**INSTRUCTIONS FOR THE TASK**: The pictures must be left out, while the rest of the data is copied exactly.

**COLLECTED MATERIAL**:
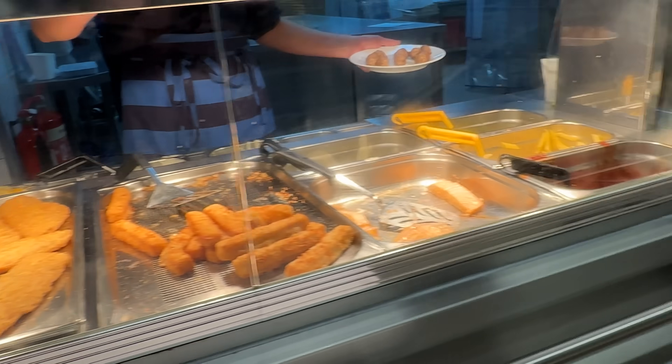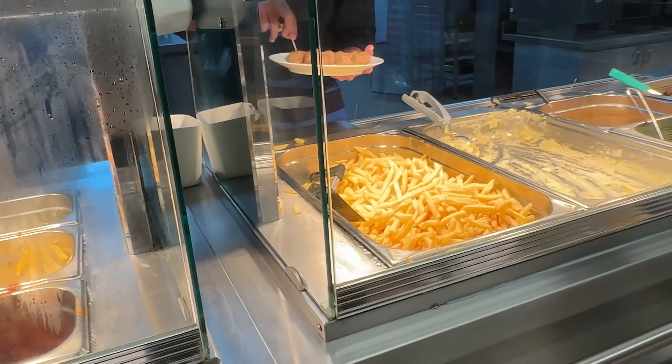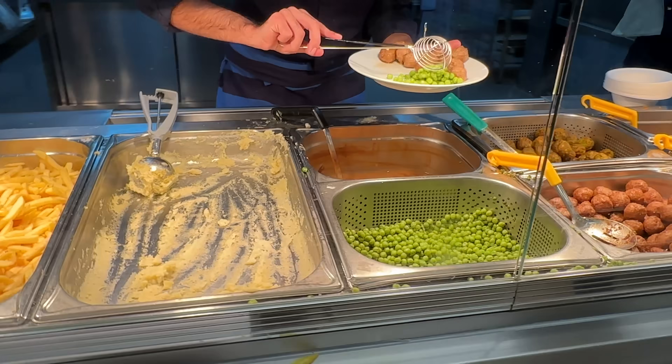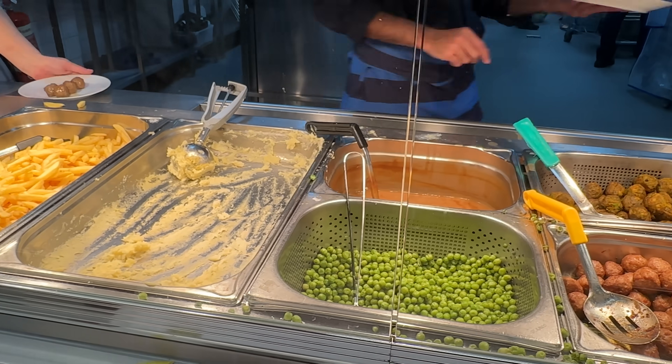We've just come to IKEA to get some food. There's a new margarita pizza here — let's try it. No pizza, it's a shame. We move on while Carolina's enjoying her meatballs.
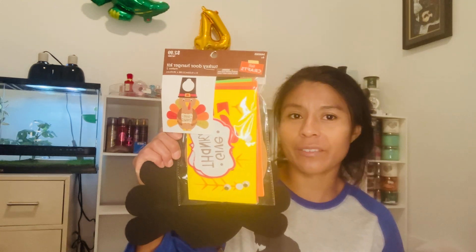From Hobby Lobby I got this art and craft turkey door hanger kit for Thanksgiving. I think it'll be fun to do with my son. It cost me $2.99 and it was on clearance for about 40% off. Now we're moving on to Marshall's.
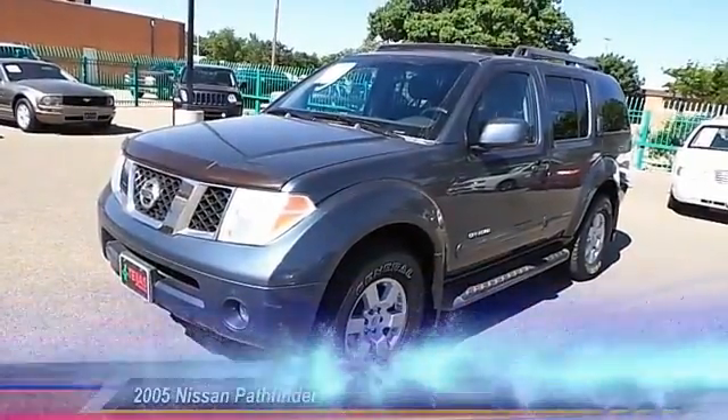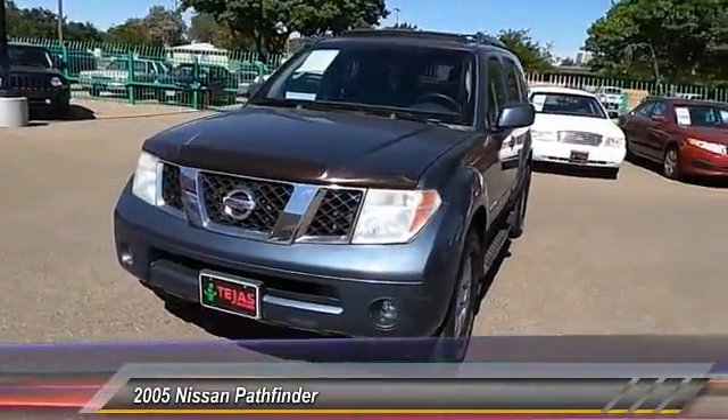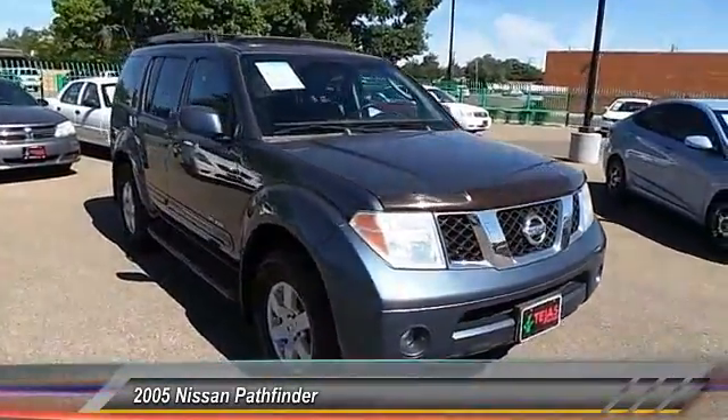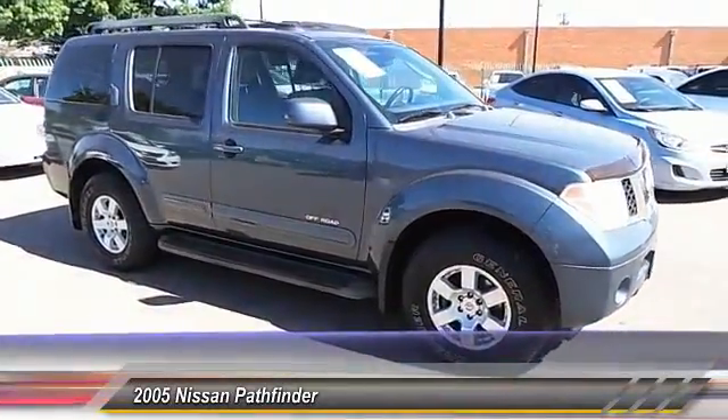The 2005 Pathfinder. The Pathfinder has a premium interior with three rows of seating for up to seven passengers, as well as versatile seating and cargo configurations. This SUV appeals to both truck lovers and car lovers. This vehicle has less than 140,000 miles.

**FINISHED EXERCISE**:
We've just come to IKEA to get some food. There's a new margarita pizza here — let's try it. No pizza, it's a shame. We move on while Carolina's enjoying her meatballs.
From Hobby Lobby I got this art and craft turkey door hanger kit for Thanksgiving. I think it'll be fun to do with my son. It cost me $2.99 and it was on clearance for about 40% off. Now we're moving on to Marshall's.
The 2005 Pathfinder. The Pathfinder has a premium interior with three rows of seating for up to seven passengers, as well as versatile seating and cargo configurations. This SUV appeals to both truck lovers and car lovers. This vehicle has less than 140,000 miles.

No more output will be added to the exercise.